Recurrent Neural Networks had a problem - vanishing gradient problem. Why the problem exists is better discussed in the previous article. In a brief, the vanishing gradient problem implies that the context of the sentence is forgotten about too quickly.

To fix the problem of Vanishing Gradient, Long-Short Term Memory (LSTM) Networks were introduced. LSTM maintains the context in 2 different ways - Long Term Memory and Short Term Memory. Both have a different purpose.

Before diving into the architecture and representation of LSTMs, it is important to understand the concept of Short Term and Long Term Memory and what exactly does it do.

Short Term Memory to put it simply, keeps the latest information in the memory that is important for making predictions.

Long Term Memory is used to keep important information in context while making prediction for a long time. Basically, it is a persistent storage of all the important keywords in the data.

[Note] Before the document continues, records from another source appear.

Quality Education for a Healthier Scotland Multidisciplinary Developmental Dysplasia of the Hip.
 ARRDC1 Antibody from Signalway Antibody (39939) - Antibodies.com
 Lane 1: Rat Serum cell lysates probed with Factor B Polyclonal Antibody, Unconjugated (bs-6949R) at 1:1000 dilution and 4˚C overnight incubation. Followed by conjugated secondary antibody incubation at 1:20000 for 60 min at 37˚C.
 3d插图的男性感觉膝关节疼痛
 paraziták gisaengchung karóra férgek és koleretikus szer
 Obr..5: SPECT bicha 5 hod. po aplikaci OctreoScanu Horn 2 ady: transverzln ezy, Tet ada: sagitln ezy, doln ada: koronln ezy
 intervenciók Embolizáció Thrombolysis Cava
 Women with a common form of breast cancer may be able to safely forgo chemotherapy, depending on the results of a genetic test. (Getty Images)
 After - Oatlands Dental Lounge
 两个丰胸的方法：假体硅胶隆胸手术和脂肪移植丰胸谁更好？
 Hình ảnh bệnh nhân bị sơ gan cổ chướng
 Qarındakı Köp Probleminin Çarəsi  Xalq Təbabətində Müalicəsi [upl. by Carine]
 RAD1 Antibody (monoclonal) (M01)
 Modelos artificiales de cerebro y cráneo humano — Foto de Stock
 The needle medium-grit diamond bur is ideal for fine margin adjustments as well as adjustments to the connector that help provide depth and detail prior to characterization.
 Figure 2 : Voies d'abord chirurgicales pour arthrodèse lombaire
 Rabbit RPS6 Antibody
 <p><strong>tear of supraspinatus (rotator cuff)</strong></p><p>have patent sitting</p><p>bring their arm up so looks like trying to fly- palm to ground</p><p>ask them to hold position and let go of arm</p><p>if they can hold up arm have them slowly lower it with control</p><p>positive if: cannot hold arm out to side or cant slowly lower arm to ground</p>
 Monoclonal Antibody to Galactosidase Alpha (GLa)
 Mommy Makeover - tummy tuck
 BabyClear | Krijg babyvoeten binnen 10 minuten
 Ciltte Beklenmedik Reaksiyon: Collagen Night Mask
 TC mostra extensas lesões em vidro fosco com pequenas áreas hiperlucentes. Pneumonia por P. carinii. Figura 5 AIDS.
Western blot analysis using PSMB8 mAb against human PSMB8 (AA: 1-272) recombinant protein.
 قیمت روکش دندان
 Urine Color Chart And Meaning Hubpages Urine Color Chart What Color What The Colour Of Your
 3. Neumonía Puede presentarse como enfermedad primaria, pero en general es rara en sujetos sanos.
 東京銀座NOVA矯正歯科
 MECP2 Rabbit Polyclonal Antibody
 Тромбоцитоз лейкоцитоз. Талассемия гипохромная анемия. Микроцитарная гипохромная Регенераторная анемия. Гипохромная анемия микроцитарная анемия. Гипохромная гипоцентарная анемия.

Here’s an extremely rough approximation of how it looks.

Rough Approximate Representation of LSTM Network

How LSTMs do the magic?

This overwhelming diagram below is a representation of a cell in LSTM.

LSTM Unit

The line on top, the green one, that is what is called Cell State which essentially is the Long Term Memory.

The line on bottom, the pink one, that is the Hidden State which, if you are following along could guess, is Short Term Memory.

Slowing down for a second. We were discussing the RNN problems. How does the Cell State and Hidden State solve it? Well, if you look closely, there is no weight to Cell State. Meaning, there is absolutely no chance of gradient to explode or vanish, something that is possible in the case of RNNs.

Moving on, let’s label the diagram for better understanding.

Boxes labelled diagram for the LSTM Unit

The box 1 is a way to determine the impact of input and the short term memory on the long term memory. It controls how much of the long term memory needs to be remembered. Hence, it is also known as Forget Gate.

The box 2 and 3 determines how much of the input to this unit should be remembered for the long time. Box 3 is calculating the potential long term memory for this input while box 2 is responsible for determining the “how much” part. Important to note, the only difference in both the boxes is the activation function. These 2 boxes make up what is called Input Gate.

Box 4 and 5 are responsible for calculating the Short Term Memory for the next LSTM unit. Box 5 is where the calculation of potential short term memory takes place which is done using the Long Term Memory and not the input and the “how much” aspect is calculated by box 4. These boxes make up what is called Output Gate.

So with the use of Input Gate, Forget Gate, Output Gate, Cell State, and Hidden State (that's a lot!), LSTMs solve the problem of vanishing gradient with Recurrent Neural Networks.